Frank Bruni, the formerly all-powerful restaurant critic of the New York Times recently published an autobiography, Born Round: The Secret History of a Full-Time Eater that talks honestly about his lifelong problems with eating. Bruni's book is an extreme analysis of a protracted struggle but most of our own food writers and sleb chefs have also, at some point come clean about, if not 'problems' with food, then at least concerted attempts to control their weight.

Terry Durack famously slimmed down on Jill Dupleix's 'Lighten Up' diet; Nigella Lawson has spoken candidly about her body image; Clarissa Dickson-Wright, in a rather different way, has talked about hers. Some chefs never stop banging on about their marathon training and gym regimes.

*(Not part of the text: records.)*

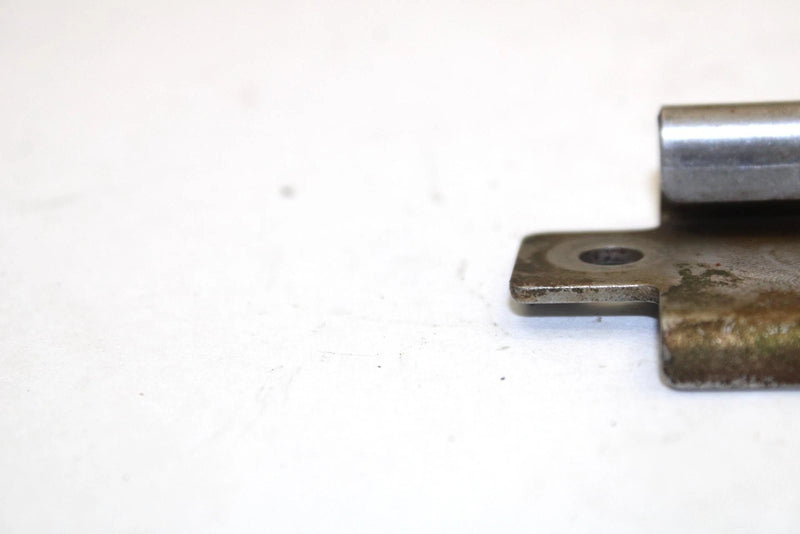 1989 Yamaha Waverunner 500 OEM Water Box Strap Hook EU0-67568-00-00 JY4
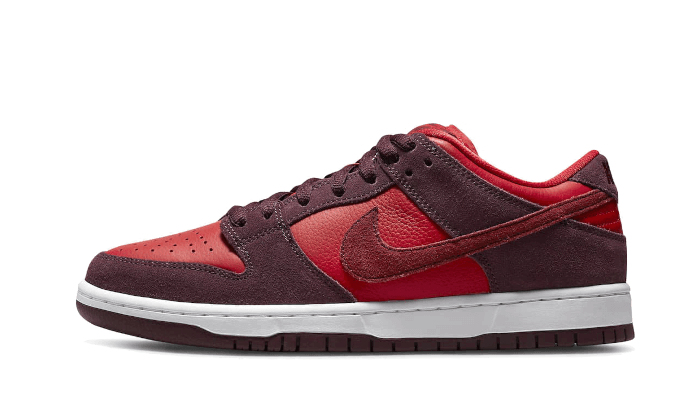 Nike SB Dunk Low Cherry 4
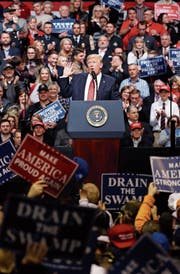 Die Beschimpfung der Medien gehört auch zu seinem Stil als Präsident: Donald Trump punktet damit vor seinen Anhängern. (Bild: Mark Humphrey/AP)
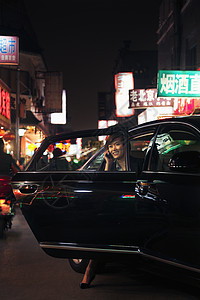 商业女商务人士夜间在北京的电话上下车 下班后下车图片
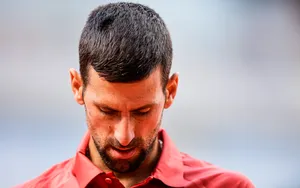 Roland Garros : Novak Djokovic dépité, la durée de sa blessure est connue !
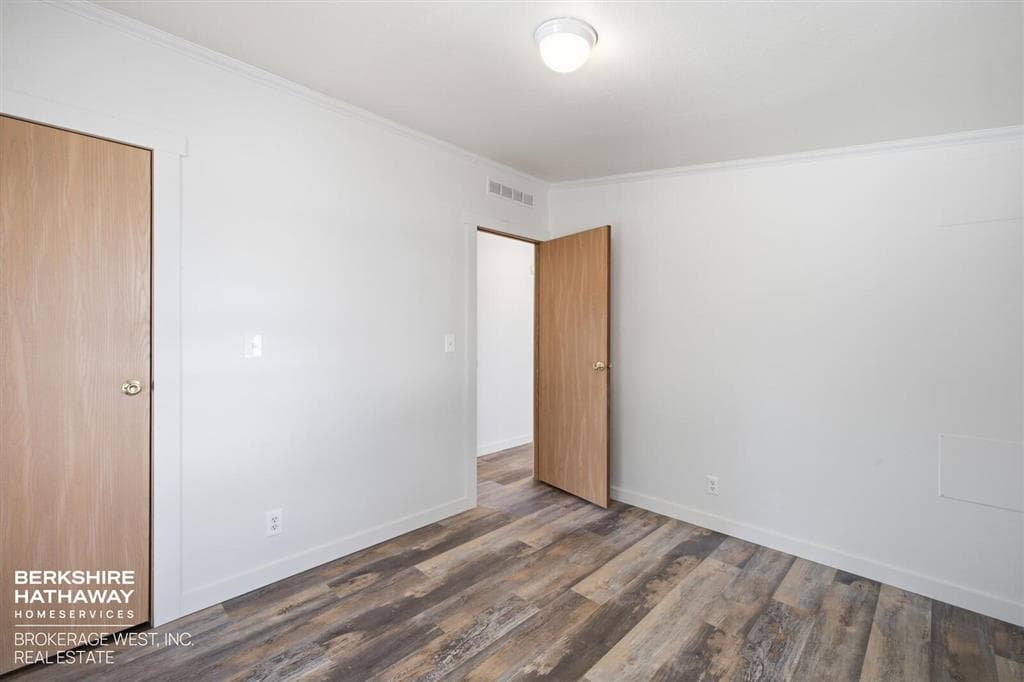 2707 E Avenue — photo 19 of 25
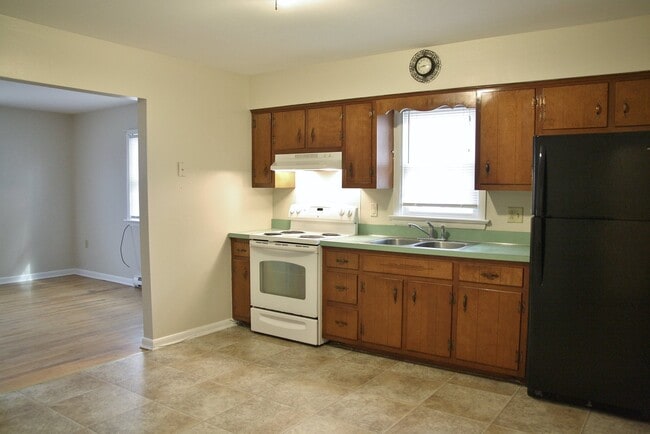 Photo - 414 S Market St Unit APT 3
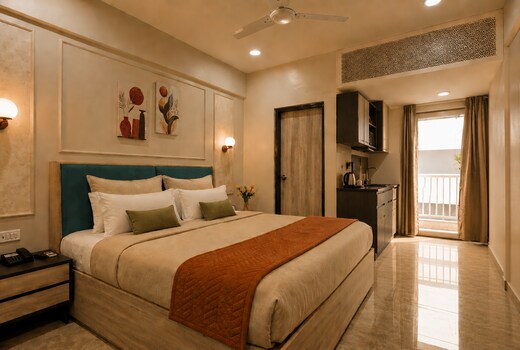 Luxury 1RK Studio Pool Balcony 15m from Airport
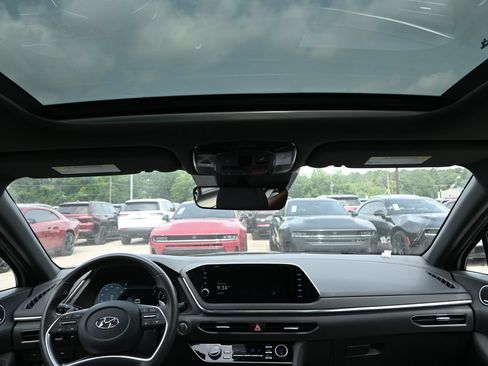 Used 2023 Hyundai Sonata SEL Plus w/ Cargo Package FWD image 29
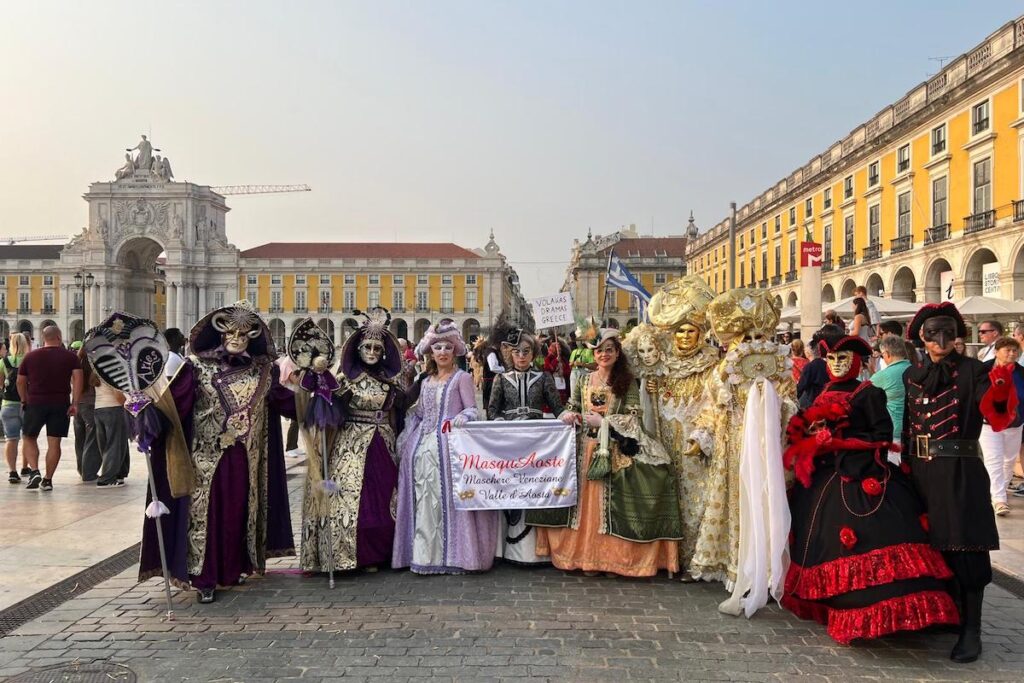 Le maschere veneziane di MasquAoste hanno sfilato a Lisbona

In the end, though Giles Coren casually drops his lap times into his reviews, though our own Jay Rayner might get photographed pumping iron, though I, in my own small way, can occasionally be seen dragging my sorry tripes around the park bathed in a glossy layer of porksweat and Côtes du Rhône, the crucial point is that none of us actually care enough to do the obvious thing and eat the boring, moderate diet recommended by doctors, government, media, and caring relatives.

Some of us construct complicated mathematical rationalisations explaining why government guidelines and NHS statistics don't actually apply to us. Some strike secret, desperate bargains with our various deities - honest, God, just one more bender, I promise once I hit 50 I'll be on wheatgrass and carrot enemas. But all of us, to a slightly porky man and Rubenesque woman, are practising staggering levels of self delusion in pursuit of our passion.

But what do you think? How do you balance health and the pursuit of the eatable? Are you in active denial, riding the handcart to hell on a piped bed of buttered mash and waving a torchon of foie gras, or are you secretly sneaking out for midnight runs? And at what point of lardy breathlessness and stratospheric BP do you say enough is enough?